* _Exercise_: Please make an exact copy of the listing, without the pictures.
====== Dataset content
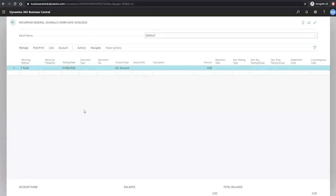In this demonstration, we'll look at setting up and posting a recurring general journal. We'll set up the lines in our journal first of all.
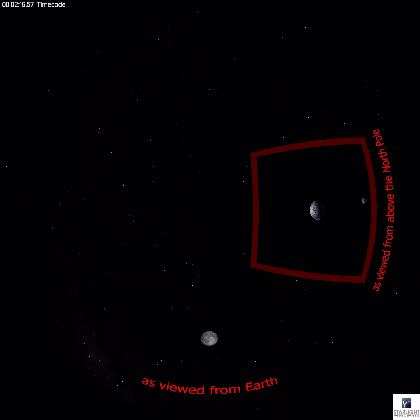A total lunar eclipse can only occur during full moon, when the sun, earth, and moon system are aligned. When the moon's orbit and the ecliptic are not perfectly aligned but close, we see a partial lunar eclipse.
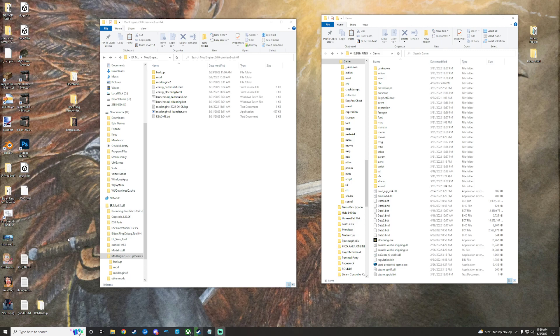Alrighty, so, been a sec since I've done a video, so we'll see if I've still got it, but I've just seen a lot of people doing the Elden Ring Seamless Co-op Mod with the randomizer.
============
* _Exercise solution_:
In this demonstration, we'll look at setting up and posting a recurring general journal. We'll set up the lines in our journal first of all.
A total lunar eclipse can only occur during full moon, when the sun, earth, and moon system are aligned. When the moon's orbit and the ecliptic are not perfectly aligned but close, we see a partial lunar eclipse.
Alrighty, so, been a sec since I've done a video, so we'll see if I've still got it, but I've just seen a lot of people doing the Elden Ring Seamless Co-op Mod with the randomizer.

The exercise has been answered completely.